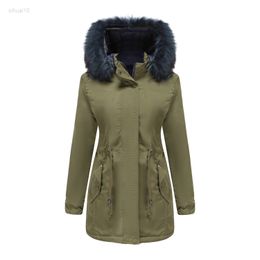 For Winter 2022 Fashion Black Green Padded Women Zip Up Jacket Velvet Hooded Design Female Parka Windproof Warm Jacket 3XL L220725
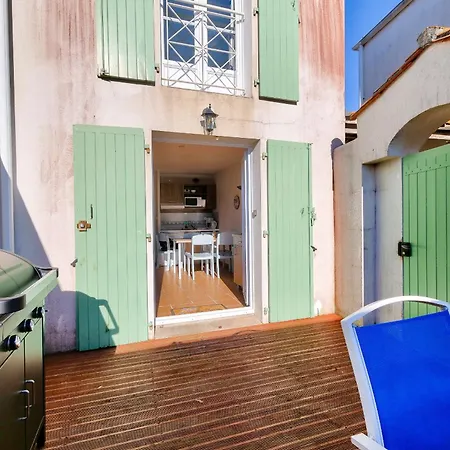 Maison Avec Terrasse - Piscine * La Flotte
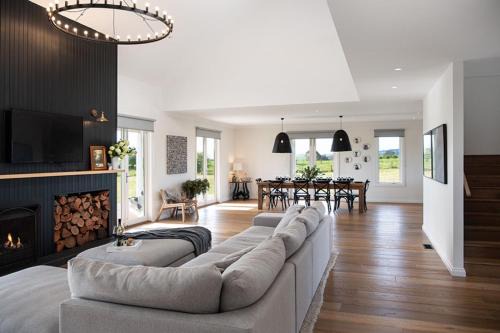 Newlyn North House | Family-Friendly Retreat at Mapledurham - 4-Star Comfort Awaits
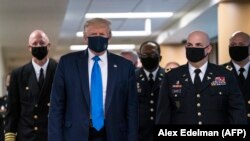 Američki predsjednik Donald Trump nosi masku 11. jula 2020. u posjeti Nacionalnom vojno-medicinskom centru Walter Reed u Bethesdi, Maryland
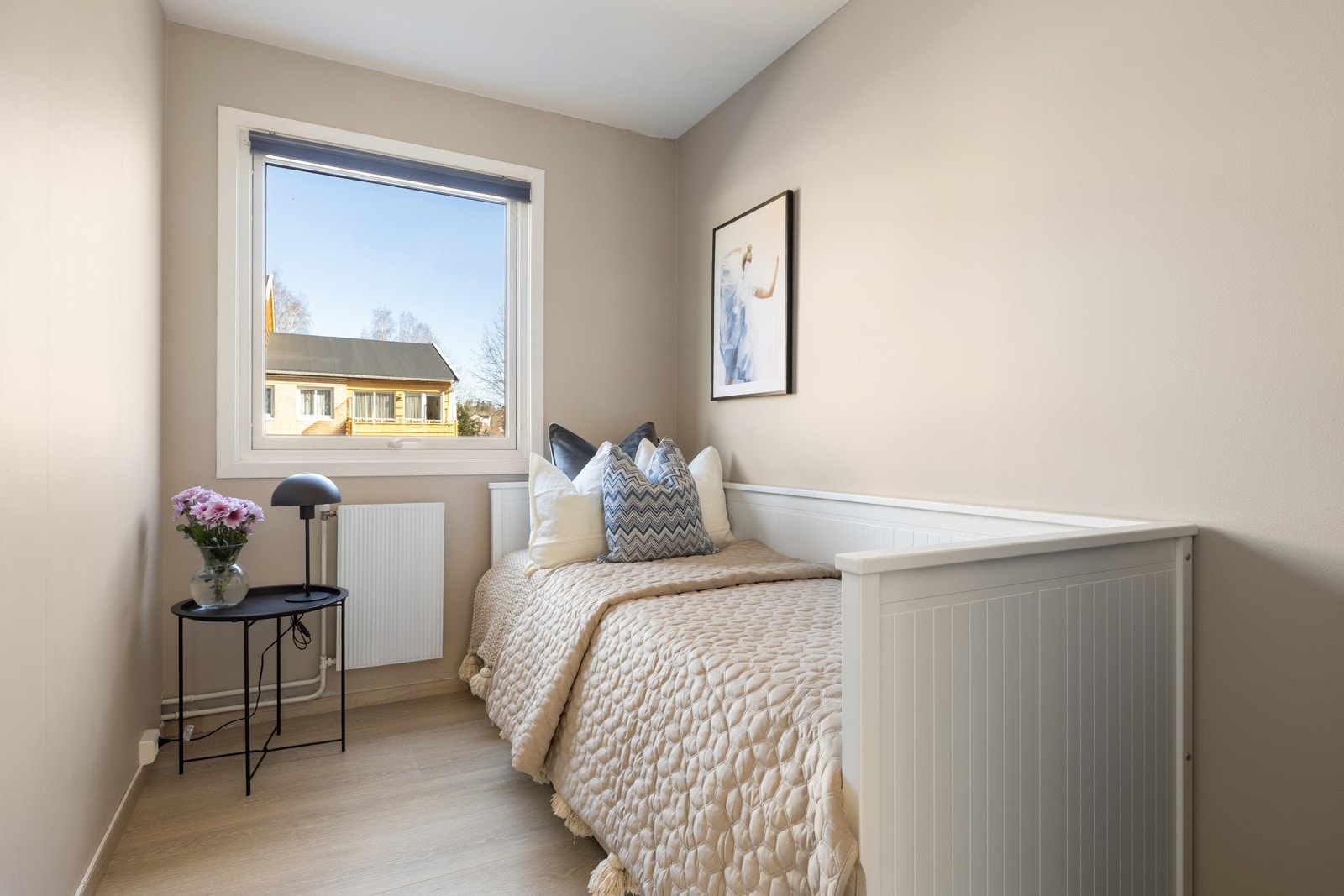 Her er det også pene garderobeskap i samme stil Galleribilde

* What is needed *
Could you reproduce exactly the lines from the one containing "Američki predsjednik Donald" through the last line of the records, both included, leaving out the pictures?

* Solution *
 Američki predsjednik Donald Trump nosi masku 11. jula 2020. u posjeti Nacionalnom vojno-medicinskom centru Walter Reed u Bethesdi, Maryland
 Her er det også pene garderobeskap i samme stil Galleribilde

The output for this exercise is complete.